Dans le Club des correspondants, franceinfo passe les frontières pour voir ce qui se passe ailleurs dans le monde. Aujourd'hui, direction l'Indonésie, la Turquie et les Pays-Bas, trois pays confrontés à des problèmes écologiques importants.

Article rédigé par franceinfo - Gabrielle Maréchaux, Anne Andlauer et Pierre Benazet
Radio France
Publié Mis à jour
Temps de lecture : 9min
Des jeunes dans une décharge sauvage d'Istanbul, le 18 novembre 2021. (PHOTO D'ILLUSTRATION / BULENT KILIC / AFP)

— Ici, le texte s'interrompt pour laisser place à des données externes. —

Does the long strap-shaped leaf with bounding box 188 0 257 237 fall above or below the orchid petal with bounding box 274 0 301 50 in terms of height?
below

Le Groupe d'experts intergouvernemental sur l'évolution du climat (Giec) a une nouvelle fois tiré la sonnette d'alarme face au réchauffement climatique en avril dernier. En cause notamment : le poids de l'industrie dans la pollution de l'air et des mers. Tour d'horizon de trois pays confrontés directement à des problèmes écologiques. 

En Indonésie, la manne du nickel fait rêver les Etats et Elon Musk 

En Indonésie, l'exploitation du nickel, que l'on surnomme le "métal du diable", suscite l'intérêt des Etats et des industriels. Cette exploitation minière suscite également une préoccupation elle est loin d'être anodine pour les écosystèmes marins.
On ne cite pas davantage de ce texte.